In my experience, Murphy's Law persist. It's not always about floating grass. Silts, moss, random green slim and grass suspended subsurface, not to mention picking up all of the above from the bottom in the shallows. It all seems to be prevalent when you least expect it, no matter where your fly and leader rides in the water column. No matter if you are inside, outside, gin clear or muddy waters, grass flats or sandy bottom beach fronts, it can be where you least expect it. So if it can happen, it will. If the fish notices it, it's just one more thing to add on the many thing that will turn them off on your fly. That is why, if you look at any leader system I use for poons, every singe tag end points back to the fly, shedding off any slim or grasses that may catch on the tag ends.

You were asking and I am replying with what I've experienced with it over the years. No need to explain why I shouldn't be concerned with it. Nobody thought me how to do that. I went to the school of hard knocks over the years with the subject.

Also, that knot in the video runs with a long loop knot that is basically a doubled over tippet. So basically half of your tippet is a dbl tippet. Yes I see where you reduced it to a 1" loop. 25yrs ago, watching Stu Apte, I learned to snug the Bimini up tight against the bite leader. But 6yrs later, I did away with the Bimini in the tippet all together at the bite leader. Again, showing more stuff to a fish that can be a little on the weary side, even on the Gulf coast where I do most of my tarpon fishing. So about 20yrs ago, I switched to a longer FC tippet, Magnum bimini on the butt leader side of the tippet and either a Jimmy Albright knot or an Alberto knot connection from bite to tippet. Slim, small, strong, stealthy!

But hey, go for it. You do you and I'll do me! 

Ted Haas


----------



## sidelock (Jan 31, 2011)

I totally get it and I'm not arguing your point but like most everything else in life sometimes one needs to compromise. Some would argue that the Albright and the Alberto knots both leave a kink at the junction that impedes tracking. At least we have choices, which brings this to another subject.
What intrigues me in today's advanced and ever growing technology is why line manufactures have not developed or figured out a way to extrude one piece tapered monofilament leaders with integrated bite tippet ! If they can extrude fly lines as thin as #3 with similar taper variances, why not monofilament ? I know such leader would be very difficult if not impossible to conform to IGFA rules and regs. but we're not all chasing records here. I realize it's a small niche and limited market however adding such an option to an existing line of products certainly wouldn't hurt their manufacturing outcome.


----------



## coconutgroves (Sep 23, 2013)

Forgottencoast said:


> I just looked at the knot, it looks like after you finish it, it leaves you with 2 strands of your class tippet, which makes it not IGFA legal if I am thinking correct...?
> 
> Most guys that use bimini's in there tarpon leaders are using a huffnagle knot, but even the old school guys I know are moving to the slim beauty...

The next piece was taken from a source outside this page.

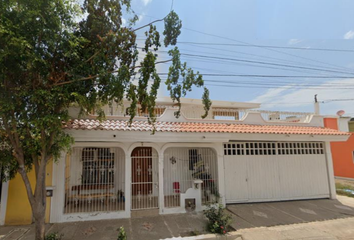 Casa en  Valle De Matamoros, Valle Dorado Ll, Mazatlán, Sinaloa, México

IGFA legal? I like to actually catch tarpon, not records.  Hey, for tournaments and the elite, that's fine, but going with heavier class allows the fish to be brought to the boat much faster. I run mono butt and class, then flouro tippet. Double uni from butt to class, albright from class to shock. Slim enough where I don't get snags. And I run up to 12' long depending on water conditions.


----------